GenSpectrum / cov-spectrum-website

A web platform to detect and analyze variants of SARS-CoV-2
https://cov-spectrum.org
GNU General Public License v3.0
59 stars 13 forks source link

ENH: Allow querying for `Unknown` lineage in advanced query #425

Open corneliusroemer opened 2 years ago

corneliusroemer commented 2 years ago

Right now, it seems not possible to include Unknown lineages in advanced queries.

This would be very useful to filter out sequences that didn't pass pango QC or are otherwise of questionable quality.

For example, most sequences that are neither Delta nor Omicron right now are from Austria. Probably environmental samples that are a mix of Delta, BA.1 and BA.2 which pango rejects.

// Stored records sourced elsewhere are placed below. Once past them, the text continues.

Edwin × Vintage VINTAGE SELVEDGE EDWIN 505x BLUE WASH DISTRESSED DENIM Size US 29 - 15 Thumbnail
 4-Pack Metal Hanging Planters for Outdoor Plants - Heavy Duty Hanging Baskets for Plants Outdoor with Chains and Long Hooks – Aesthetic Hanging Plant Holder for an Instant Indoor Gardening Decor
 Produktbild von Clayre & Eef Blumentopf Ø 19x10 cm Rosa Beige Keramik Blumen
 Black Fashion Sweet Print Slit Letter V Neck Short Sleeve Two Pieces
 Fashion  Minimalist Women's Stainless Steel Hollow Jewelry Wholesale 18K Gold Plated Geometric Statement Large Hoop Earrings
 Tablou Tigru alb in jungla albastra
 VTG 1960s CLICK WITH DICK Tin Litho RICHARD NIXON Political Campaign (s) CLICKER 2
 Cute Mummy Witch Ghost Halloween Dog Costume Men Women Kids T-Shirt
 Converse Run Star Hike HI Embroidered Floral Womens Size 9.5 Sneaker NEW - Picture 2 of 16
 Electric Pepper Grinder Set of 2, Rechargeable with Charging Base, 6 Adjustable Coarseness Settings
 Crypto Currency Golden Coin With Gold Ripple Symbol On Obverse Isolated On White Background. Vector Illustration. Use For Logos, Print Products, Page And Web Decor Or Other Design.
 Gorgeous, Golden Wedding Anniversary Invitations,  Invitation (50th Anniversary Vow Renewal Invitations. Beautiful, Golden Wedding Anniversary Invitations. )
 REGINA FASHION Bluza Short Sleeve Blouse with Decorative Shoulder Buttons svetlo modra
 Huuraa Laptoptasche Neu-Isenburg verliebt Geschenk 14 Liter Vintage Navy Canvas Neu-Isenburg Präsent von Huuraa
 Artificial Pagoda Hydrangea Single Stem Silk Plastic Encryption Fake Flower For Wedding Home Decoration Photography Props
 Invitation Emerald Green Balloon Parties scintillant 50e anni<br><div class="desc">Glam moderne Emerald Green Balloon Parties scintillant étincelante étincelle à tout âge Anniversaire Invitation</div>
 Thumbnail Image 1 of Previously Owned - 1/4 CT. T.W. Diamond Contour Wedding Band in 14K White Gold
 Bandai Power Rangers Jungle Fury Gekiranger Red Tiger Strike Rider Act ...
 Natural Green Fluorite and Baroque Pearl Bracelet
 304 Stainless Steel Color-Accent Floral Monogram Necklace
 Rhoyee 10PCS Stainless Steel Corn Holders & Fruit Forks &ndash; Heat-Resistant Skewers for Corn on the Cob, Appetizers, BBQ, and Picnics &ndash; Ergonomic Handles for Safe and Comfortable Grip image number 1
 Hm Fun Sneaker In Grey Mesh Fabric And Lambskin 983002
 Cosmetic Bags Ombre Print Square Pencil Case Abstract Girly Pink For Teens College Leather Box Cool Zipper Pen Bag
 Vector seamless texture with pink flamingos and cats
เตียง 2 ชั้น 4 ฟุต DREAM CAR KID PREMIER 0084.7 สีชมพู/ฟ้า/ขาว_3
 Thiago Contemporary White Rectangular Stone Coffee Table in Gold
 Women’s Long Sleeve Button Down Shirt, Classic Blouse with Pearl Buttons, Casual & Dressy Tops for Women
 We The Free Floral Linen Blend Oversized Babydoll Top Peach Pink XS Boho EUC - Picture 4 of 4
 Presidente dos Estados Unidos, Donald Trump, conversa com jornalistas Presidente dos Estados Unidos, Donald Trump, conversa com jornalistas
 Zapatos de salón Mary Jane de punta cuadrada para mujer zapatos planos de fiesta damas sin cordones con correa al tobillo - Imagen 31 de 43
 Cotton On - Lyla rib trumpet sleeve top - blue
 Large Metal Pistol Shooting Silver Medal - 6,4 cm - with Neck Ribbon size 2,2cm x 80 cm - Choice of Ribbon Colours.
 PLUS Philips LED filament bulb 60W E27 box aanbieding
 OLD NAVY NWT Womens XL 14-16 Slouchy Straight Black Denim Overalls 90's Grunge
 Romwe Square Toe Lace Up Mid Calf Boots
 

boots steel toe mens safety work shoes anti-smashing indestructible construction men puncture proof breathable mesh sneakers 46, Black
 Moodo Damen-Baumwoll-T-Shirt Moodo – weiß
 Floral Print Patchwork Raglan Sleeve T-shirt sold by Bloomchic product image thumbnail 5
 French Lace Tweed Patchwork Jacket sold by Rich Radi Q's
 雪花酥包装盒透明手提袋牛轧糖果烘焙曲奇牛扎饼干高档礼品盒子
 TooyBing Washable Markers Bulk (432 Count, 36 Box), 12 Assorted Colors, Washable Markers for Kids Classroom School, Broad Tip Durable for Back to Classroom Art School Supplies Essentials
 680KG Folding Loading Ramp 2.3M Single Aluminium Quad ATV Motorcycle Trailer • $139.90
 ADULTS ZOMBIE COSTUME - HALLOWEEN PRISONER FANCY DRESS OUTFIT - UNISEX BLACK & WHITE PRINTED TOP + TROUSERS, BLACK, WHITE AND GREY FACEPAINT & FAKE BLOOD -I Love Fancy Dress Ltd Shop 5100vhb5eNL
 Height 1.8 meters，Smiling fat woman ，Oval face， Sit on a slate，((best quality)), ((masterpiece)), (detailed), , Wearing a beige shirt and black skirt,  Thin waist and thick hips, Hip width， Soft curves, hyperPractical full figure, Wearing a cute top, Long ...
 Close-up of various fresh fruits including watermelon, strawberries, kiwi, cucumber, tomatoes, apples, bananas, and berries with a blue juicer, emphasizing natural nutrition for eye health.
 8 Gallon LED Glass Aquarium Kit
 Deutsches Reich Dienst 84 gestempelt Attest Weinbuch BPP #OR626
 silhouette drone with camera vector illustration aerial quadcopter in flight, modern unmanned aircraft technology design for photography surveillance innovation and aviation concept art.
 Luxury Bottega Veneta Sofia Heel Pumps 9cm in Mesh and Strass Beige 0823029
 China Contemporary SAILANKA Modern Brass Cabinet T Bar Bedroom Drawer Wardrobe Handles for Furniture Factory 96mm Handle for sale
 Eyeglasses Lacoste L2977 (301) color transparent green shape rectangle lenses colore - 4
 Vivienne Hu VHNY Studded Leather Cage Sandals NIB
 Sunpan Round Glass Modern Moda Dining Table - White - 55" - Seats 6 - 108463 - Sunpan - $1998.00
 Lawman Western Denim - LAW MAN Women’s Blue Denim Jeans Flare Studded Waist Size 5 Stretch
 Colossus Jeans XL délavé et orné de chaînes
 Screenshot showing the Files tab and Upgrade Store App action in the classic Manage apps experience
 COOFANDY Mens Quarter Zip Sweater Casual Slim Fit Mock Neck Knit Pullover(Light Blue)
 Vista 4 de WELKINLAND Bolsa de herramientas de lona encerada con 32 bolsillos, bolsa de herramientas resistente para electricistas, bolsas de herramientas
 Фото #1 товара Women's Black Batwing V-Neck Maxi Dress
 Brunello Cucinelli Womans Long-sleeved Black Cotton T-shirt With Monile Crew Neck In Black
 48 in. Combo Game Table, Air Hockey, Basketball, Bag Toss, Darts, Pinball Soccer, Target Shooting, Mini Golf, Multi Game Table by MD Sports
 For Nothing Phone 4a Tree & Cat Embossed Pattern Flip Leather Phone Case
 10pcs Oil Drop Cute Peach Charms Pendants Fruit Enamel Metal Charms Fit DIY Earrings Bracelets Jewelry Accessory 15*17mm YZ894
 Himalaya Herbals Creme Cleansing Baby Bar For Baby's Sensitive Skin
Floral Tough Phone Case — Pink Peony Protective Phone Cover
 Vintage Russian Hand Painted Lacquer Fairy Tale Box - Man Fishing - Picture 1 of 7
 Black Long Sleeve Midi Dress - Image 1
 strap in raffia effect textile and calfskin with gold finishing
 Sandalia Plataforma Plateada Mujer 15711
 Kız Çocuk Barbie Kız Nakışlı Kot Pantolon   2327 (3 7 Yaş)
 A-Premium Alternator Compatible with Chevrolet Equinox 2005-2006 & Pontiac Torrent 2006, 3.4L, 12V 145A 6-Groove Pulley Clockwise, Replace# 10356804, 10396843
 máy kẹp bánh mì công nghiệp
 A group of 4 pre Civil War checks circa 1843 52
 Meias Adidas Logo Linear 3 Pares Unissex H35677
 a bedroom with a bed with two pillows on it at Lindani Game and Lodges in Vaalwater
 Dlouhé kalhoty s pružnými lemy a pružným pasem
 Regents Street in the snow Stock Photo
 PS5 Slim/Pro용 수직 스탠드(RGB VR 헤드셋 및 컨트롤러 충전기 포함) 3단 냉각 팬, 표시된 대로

A query like this would be nice to work: !(B.1.1.529* | B.1.617.2* | Unknown)

chaoran-chen commented 2 years ago

Would !A* & !B* be equivalent to unknown?

corneliusroemer commented 2 years ago

Almost, the Xs are not covered this way 😬

Also interesting, you seem to have two types of Unknown:

image

https://cov-spectrum.org/explore/World/AllSamples/AllTimes/variants?variantQuery=%21A*+%26+%21B*

corneliusroemer commented 2 years ago

And there is yet more, unclassifiable

Do you know what they all are? Never seen pango report these things Unknown or unclassifiable

Are these labels applied by covSpectrum based on some rules?

chaoran-chen commented 2 years ago

What is unclassifiable?

corneliusroemer commented 2 years ago

Oh sorry I seem to have forgotten the screenshot. Here:

image

Any idea where these 3 types of non-lineage come from. In particular, two types of unknown are puzzling. Would be good to know how they map to pango lineage calls.

chaoran-chen commented 2 years ago

In the GISAID dataset, the pango lineage attribute can contain the values "" and "None". LAPIS was mapping "None" to null but did not consider the empty string. When the data reaches the frontend, both null and "" were displayed as Unknown.

In the Nextstrain/GenBank dataset, the pango lineage can be "None" and "unclassifiable" - do you know the difference?

Now, LAPIS will map all three values to null which will then be shown as Unknown on CoV-Spectrum. This will become fully visible tomorrow.

As a next step, I will think about how to filter for null in LAPIS.